本の日記 キックオフ

 読書という行為はそのままだとひたすらに内向きだ。よく考え事をしている人を見て「自分の世界に入っている」なんて言うが、読書の場合は完全に「本の世界に入っている」状態になる。自分の世界に入っている状態は文字通り自分に対して何か働きかけている状態だから、その結果として自分を変えることにつながる場合も多い。ところが、読書ってのは人の世界に入っている状態だから、油断すると読了後「あぁ、楽しかった」で終わっちまうことがある。いわゆる映画を見終わった後の「現実に戻る」感覚だ。

 これじゃぁ、もったいない。

 人の世界に入り込んで得たものを、もう一度自分の中で反芻して、アウトプットするという作業をすべきかもしれないと思った。
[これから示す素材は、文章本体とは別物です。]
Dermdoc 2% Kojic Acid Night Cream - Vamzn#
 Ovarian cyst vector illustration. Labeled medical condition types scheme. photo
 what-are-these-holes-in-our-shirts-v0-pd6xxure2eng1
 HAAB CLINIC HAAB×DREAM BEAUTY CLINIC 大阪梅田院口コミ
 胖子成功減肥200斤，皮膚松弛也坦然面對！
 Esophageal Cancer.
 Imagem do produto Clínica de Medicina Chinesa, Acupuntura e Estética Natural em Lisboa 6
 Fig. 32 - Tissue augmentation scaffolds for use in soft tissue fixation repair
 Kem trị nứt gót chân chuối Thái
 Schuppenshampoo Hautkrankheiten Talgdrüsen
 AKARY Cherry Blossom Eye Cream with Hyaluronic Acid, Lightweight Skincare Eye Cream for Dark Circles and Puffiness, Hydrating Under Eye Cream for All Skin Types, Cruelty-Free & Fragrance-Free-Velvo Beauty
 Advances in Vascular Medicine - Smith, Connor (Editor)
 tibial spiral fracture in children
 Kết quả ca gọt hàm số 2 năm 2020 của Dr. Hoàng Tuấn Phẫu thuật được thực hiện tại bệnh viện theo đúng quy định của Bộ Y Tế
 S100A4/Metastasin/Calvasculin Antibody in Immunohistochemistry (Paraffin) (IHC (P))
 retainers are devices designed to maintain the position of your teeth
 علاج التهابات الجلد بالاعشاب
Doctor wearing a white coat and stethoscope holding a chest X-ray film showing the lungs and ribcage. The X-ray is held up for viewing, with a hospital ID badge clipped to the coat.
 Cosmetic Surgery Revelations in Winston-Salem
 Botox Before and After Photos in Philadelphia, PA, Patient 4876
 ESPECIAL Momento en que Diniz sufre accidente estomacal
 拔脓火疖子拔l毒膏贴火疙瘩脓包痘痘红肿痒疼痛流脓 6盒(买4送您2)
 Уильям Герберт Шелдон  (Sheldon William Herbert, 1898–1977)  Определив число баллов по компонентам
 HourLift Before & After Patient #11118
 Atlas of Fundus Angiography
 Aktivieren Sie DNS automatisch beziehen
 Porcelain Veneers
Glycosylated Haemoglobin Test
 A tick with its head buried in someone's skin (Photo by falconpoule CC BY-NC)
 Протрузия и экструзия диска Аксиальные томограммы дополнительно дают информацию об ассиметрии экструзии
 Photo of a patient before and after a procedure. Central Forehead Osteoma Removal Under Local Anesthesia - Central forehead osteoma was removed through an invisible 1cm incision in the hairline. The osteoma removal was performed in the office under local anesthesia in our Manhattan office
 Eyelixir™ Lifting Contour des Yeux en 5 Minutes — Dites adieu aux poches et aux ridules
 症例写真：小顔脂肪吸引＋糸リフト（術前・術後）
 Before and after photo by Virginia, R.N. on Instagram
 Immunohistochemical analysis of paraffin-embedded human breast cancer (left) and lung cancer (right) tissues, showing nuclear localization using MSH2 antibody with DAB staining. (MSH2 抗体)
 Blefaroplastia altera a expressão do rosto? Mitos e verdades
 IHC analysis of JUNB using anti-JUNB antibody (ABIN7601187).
これは明らかに手間だし、時間もかかる。しかし少なくとも良い作品と出会ったときは、その手間を惜しまず自分のものにしたい。

 もうひとつ。

 本を読むというのは立派な趣味だと思う。人によっては暇つぶし以上ではないかもしれないが、世間のあらゆる趣味と同等に扱える立派な趣味だと思う。だから、本を読むという行為に関連した事柄もここで取り扱いたいと思う。たとえば、いい読書場所とか、いいブックカバーとか、あれとかこれとか……。